• **TASK PROMPT**: Under this line are records; the part from the line containing "Antyczna ceramiczna bateria" through the line containing "Bag Multi-Tone Pendant" should be repeated exactly. Please exclude pictures.

• **DATA SHOWN**:
══════════

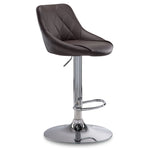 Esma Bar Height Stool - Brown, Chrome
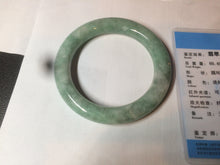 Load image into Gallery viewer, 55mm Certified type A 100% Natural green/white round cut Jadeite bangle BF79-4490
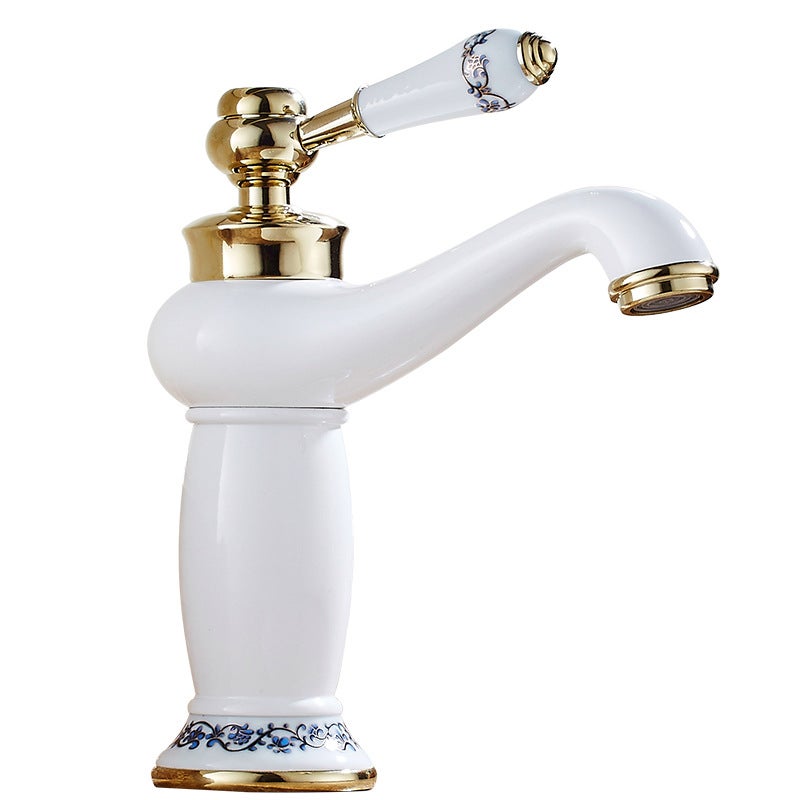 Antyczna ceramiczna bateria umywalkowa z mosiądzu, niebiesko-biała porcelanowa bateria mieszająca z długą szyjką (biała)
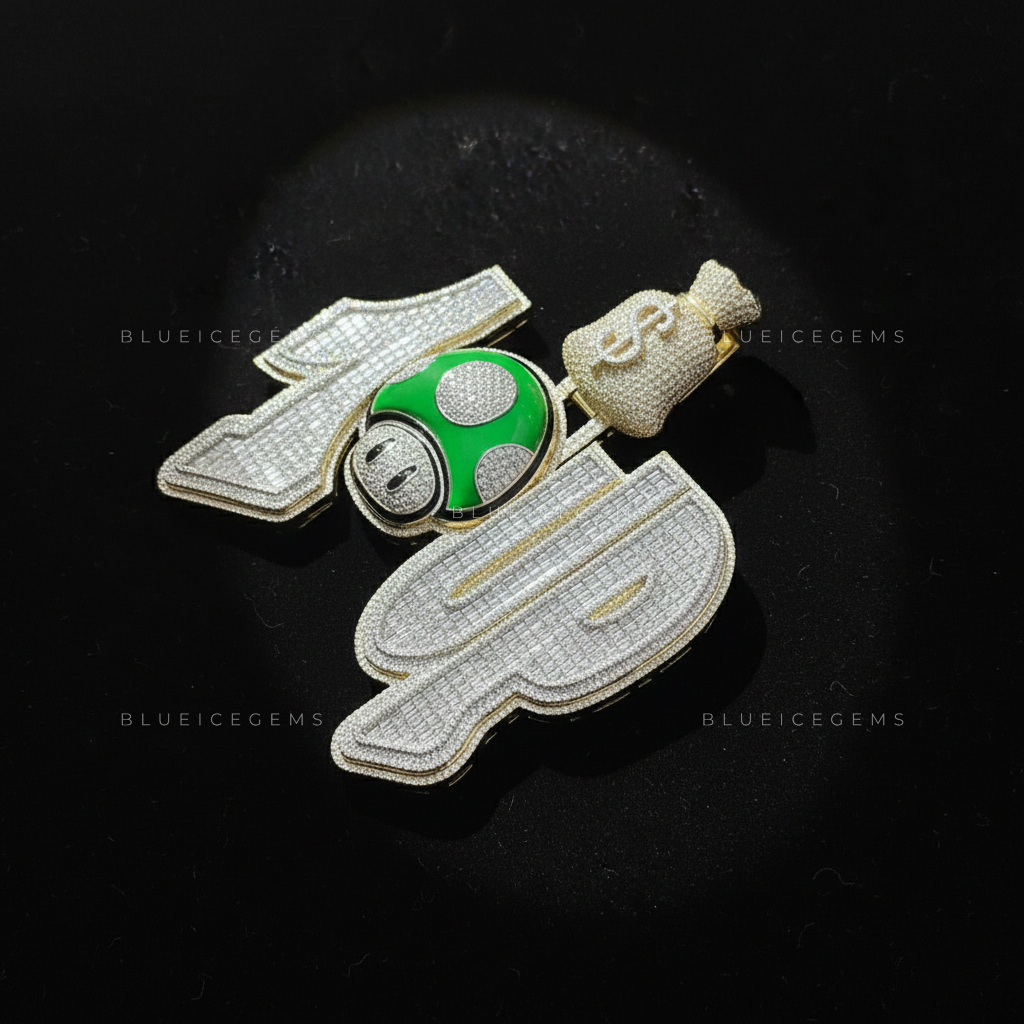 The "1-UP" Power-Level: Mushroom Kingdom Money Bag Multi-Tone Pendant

══════════

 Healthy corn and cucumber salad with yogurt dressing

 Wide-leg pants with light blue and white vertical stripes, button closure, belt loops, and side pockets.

══════════

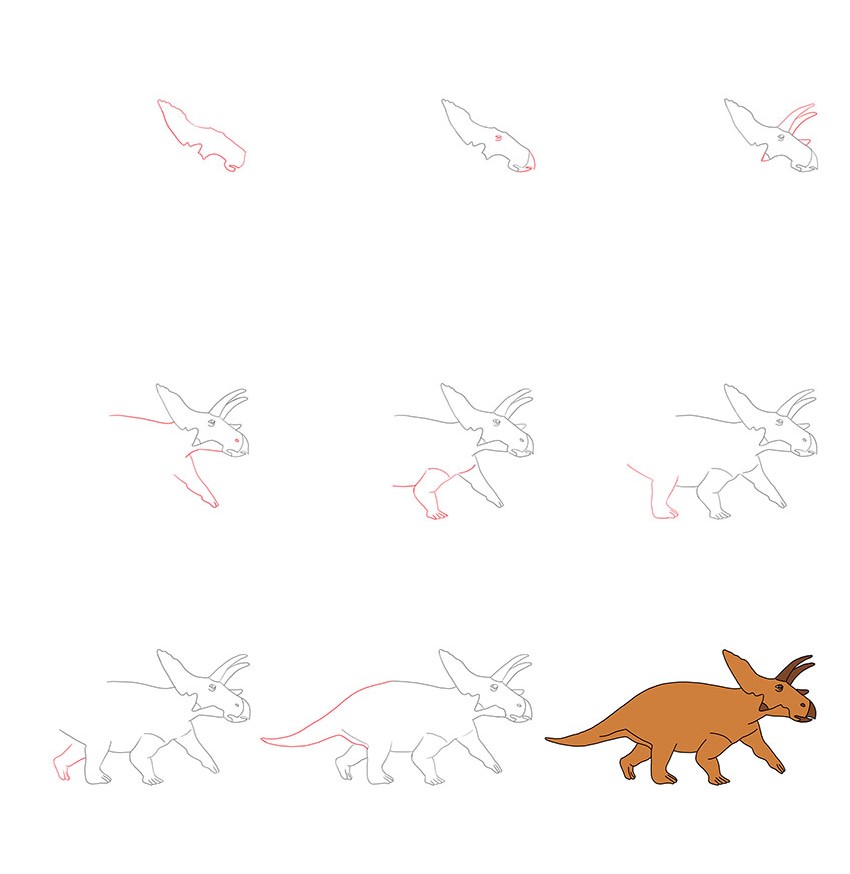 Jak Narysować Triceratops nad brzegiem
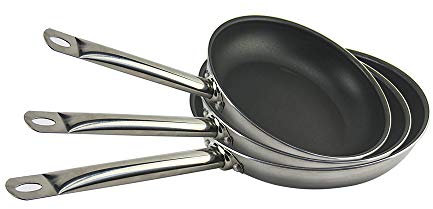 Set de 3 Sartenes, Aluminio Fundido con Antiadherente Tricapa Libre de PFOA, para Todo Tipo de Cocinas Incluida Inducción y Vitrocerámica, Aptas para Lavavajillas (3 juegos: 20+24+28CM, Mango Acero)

══════════

• **EXERCISE SOLUTION**:
 Antyczna ceramiczna bateria umywalkowa z mosiądzu, niebiesko-biała porcelanowa bateria mieszająca z długą szyjką (biała)
 The "1-UP" Power-Level: Mushroom Kingdom Money Bag Multi-Tone Pendant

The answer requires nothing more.